Is today your birthday? Happy birthday! You have a bevy of Orioles birthday buddies. They are:

  • Nolan Reimold, who turns 37 years old today. One of the all-time “what could have been” players in the history of Camden Chat. He didn’t turn out to be movie script worthy, but he did play in 451 games for the Orioles from 2009-13 and 2015-16. We’ll always have those 16 awesome games in 2012, Nolan.
  • Francisco Peña (31). Son of Tony Peña, Francisco appeared in 19 games for the Orioles between 2016-17. If you blinked you probably missed him.
  • Paul Janish (38). Janish’s time in Birdland was short, he played for the Orioles from 2015-2017 but only appeared in 14 big league games each season. His Camden Chat legacy has outlasted him, because without those 42 games we wouldn’t know regular CC commenter, BubbaFan.
  • Leslie Brea (47). Eight games from 2000-01 and a 12.27 ERA makes up Brea’s entire major league career. That’s eight more games than most of us get.
  • Sid Fernandez (58). Baseball history will remember Fernandez as a Met but he did appear in 27 games as an Oriole from 1994-95.
  • Ray Murray (b. 1917, d. 2003). Ray Murray was a member of the inaugural Baltimore Orioles.

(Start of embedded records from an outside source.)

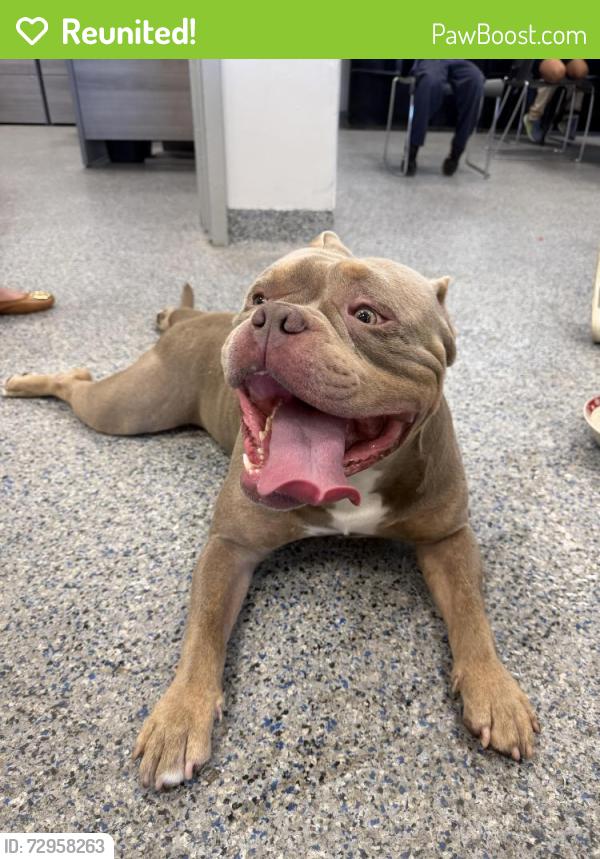 Reunited Male Dog last seen Some guy brought him to us!!, Miami, FL 33145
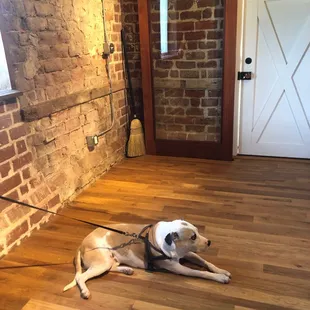 Our dog Sydney chilling in the outdoor kitchen
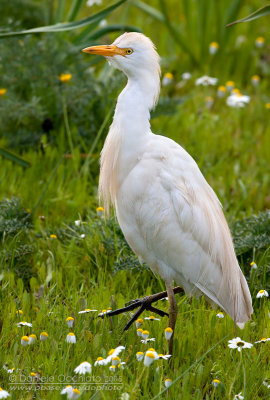 Cattle Egret (Bubulcus ibis)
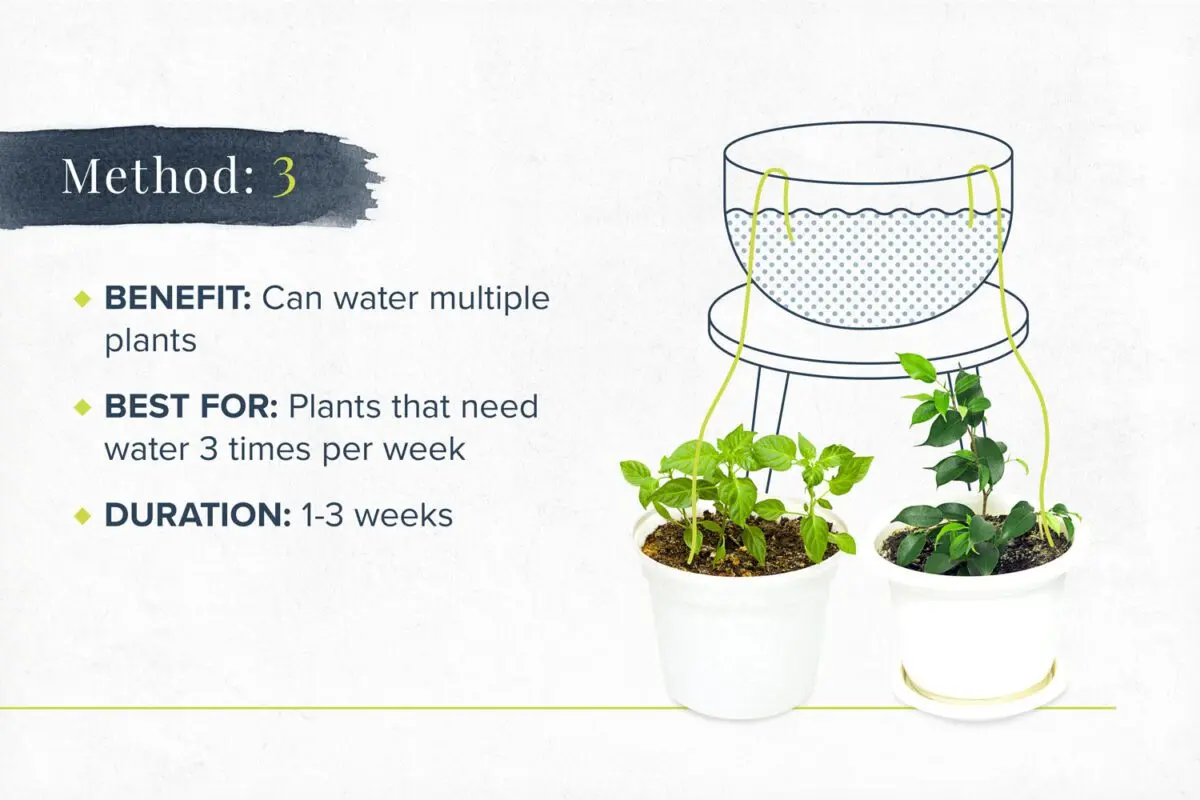 Automatic watering of indoor plants while on vacation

At age 36, his final year in the majors, he appeared in 22 games for the 1954 Orioles.

Today is a pretty rotten day in Orioles postseason history, as the Birds have an all-time October 12th record of just 2-5. If you want to hear the grisly details, read on.

  • In 2012, CC Sabathia outdueled Jason Hammel and Nate McLouth didn’t hit the foul pole as the Yankees eliminated the Orioles in game five of the ALDS.
  • In 1997, the Orioles tied game four of the ALCS in the ninth inning, but in the bottom half of the inning Armando Benitez gave up the walk off single. Why why why.
  • In 1996, the Yankees beat the Orioles 8-4 to take a 3-1 lead in the ALCS. The best thing I can say about this game is that I don’t really remember it. The box score tells me that Rocky Coppinger made the start and honestly, if Rocky Coppinger is starting in the ALCS you’ve already lost.
  • In 1983, the Orioles defeated the Phillies in game two of the World Series. Yes! Thank you, 1983 World Champions. Mike Boddicker pitched a complete game with just one unearned run allowed, and he had an RBI at the plate. Cal Ripken, John Lowenstein, and Rick Dempsey each knocked in a run.
  • In 1979, it was Scott McGregor’s turn for a complete game, though he gave up four runs in game three of the World Series against the Pirates. Luckily his teammates scored eight, half of which came from Kiko Garcia in the leadoff spot. The 8-4 win put the Orioles up 2-1 in the series.
  • In 1971, the Pirates held the Orioles two just three hits in game three of the World Series. Two of those hits were by Frank Robinson, who also had the team’s only RBI. Mike Cuellar walked six batters in six innings and the Orioles made three errors in the field in the 5-1 loss.
  • In 1969, Dave McNally gave up just two runs in nine innings against the New York Mets. But the Orioles offense had only two hits and the team lost 2-1 to tie the World Series at 1-1.